With all the insecurities flying around at secondary school, the validation of a relationship is of the biggest importance. As a new series of the popular Netflix show Sex Education looms on the horizon, it solidifies that relationships are still as important at a young age in 2021 as they were in 2014. Although at the time they seem so important, are they always positive?
A Learning Curve
We’ve all heard of childhood sweethearts and have probably heard a story amongst families and friends of a couple who met in school, stood the test of time and married later in life.
As I sat with my notebook and pondered the pros of young relationships, I realised that most young relationships help us learn lessons that will benefit our future relationships.
What makes us happy
What makes us unhappy
What we like
How to build relationships
Young relationships help us explore a side of ourselves that we don’t experience unless we are dating. We can experience fuzzy dating feelings. We find out what gives us the ick. We discover we hate it when someone uses the word babe, but we love it when they talk passionately about films. Additionally, young relationships let us delve into our sexuality. Fortunately, in the UK diverse sexuality is (mostly) accepted. Young people are able to recognise their own sexuality through early relationships. Even if those young relationships aren’t compatible with their sexuality, they are able to discover this earlier in life.
It’s not safe to be unhealthy
“It’s normal to enjoy getting compliments, feeling special and safe or like you’ve got more confidence. But relationships can sometimes change and it can be hard to know when things are starting to go wrong.” (Childline, 2021).
Although young relationships can help us to learn, it’s not always easy to know what is good and what is bad. At such a young age we (usually) have very little experience of toxicity and manipulation meaning it’s hard to spot these things in a partner, especially when the rose-tinted glasses are welded to our eyes; it’s hard to spot these things in adult romantic relationships, even with a little more experience. Being in a young relationship exposes us to the possibility of trauma and heartbreak that unhealthy relationships and breakups can bring. Ironically, the pro of discovering what we don’t want in a relationship, thus equipping us with this knowledge for future experiences, we have to therefore be unhappy in a relationship at a young age.
I am led to believe that sex education in schools has vastly improved since I was sitting in those awkward classes back in 2014, but I know that these lessons still have a long way to go. Poor sex education exposes young people to unhealthy, and sometimes non-consensual sexual relationships when they are seeking “education” elsewhere. This leads to some young people experiencing unhealthy or one-sided sexual encounters that they are led to believe are normal. “Consent in relationships is about feeling in control and saying yes or doing things because you choose to.” (Childline, 2021).

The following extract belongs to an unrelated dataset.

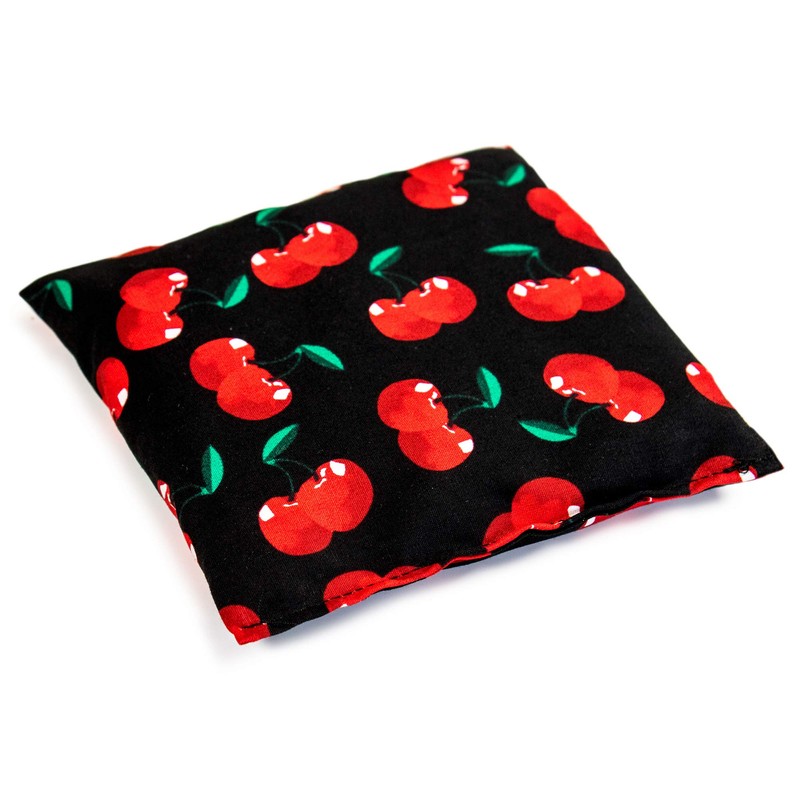Linseed Cushion 12 x 12 cm Cherry Black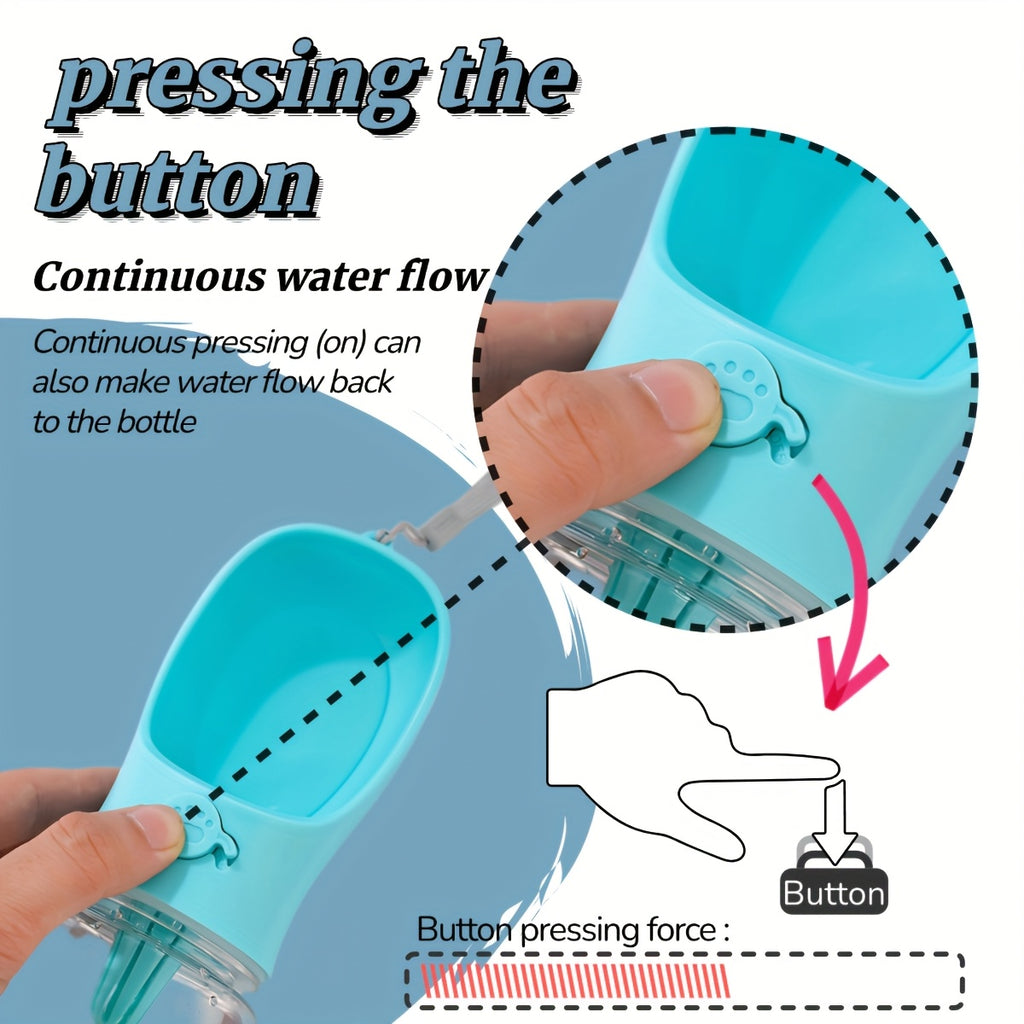 Dog Water Bottle with Food Container, 20 oz Portable 2-in-1 Plastic Pet Travel Dispenser in Pink for Outdoor Walks, Hiking and Road Trips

Overall, we can conclude that young people being in relationships is not a problem. The many cons I have discussed are caused by the lack of education for young people about healthy relationships and how to maintain them. Immaturity sometimes means young people do not welcome education about positive relationships and talking about healthy sex. This begs the question, why is the curriculum not catering for its audience and making this important education accessible to the young people it was made for? “It is important to educate youth about the value of respect and the characteristics of healthy and unhealthy relationships before they start to date.” (Youth Gov, 2021).
I don’t believe that young people should avoid relationships. What is classed as a young relationship? What’s the difference between being in a relationship at 16 to being in one at 18 and or meeting someone at 21? Regardless of when you get into your first relationship, you are as inexperienced as you would be at any age. The point is that in order to avoid most of the cons we should be educating young people in-depth about how to maintain a positive and healthy relationship.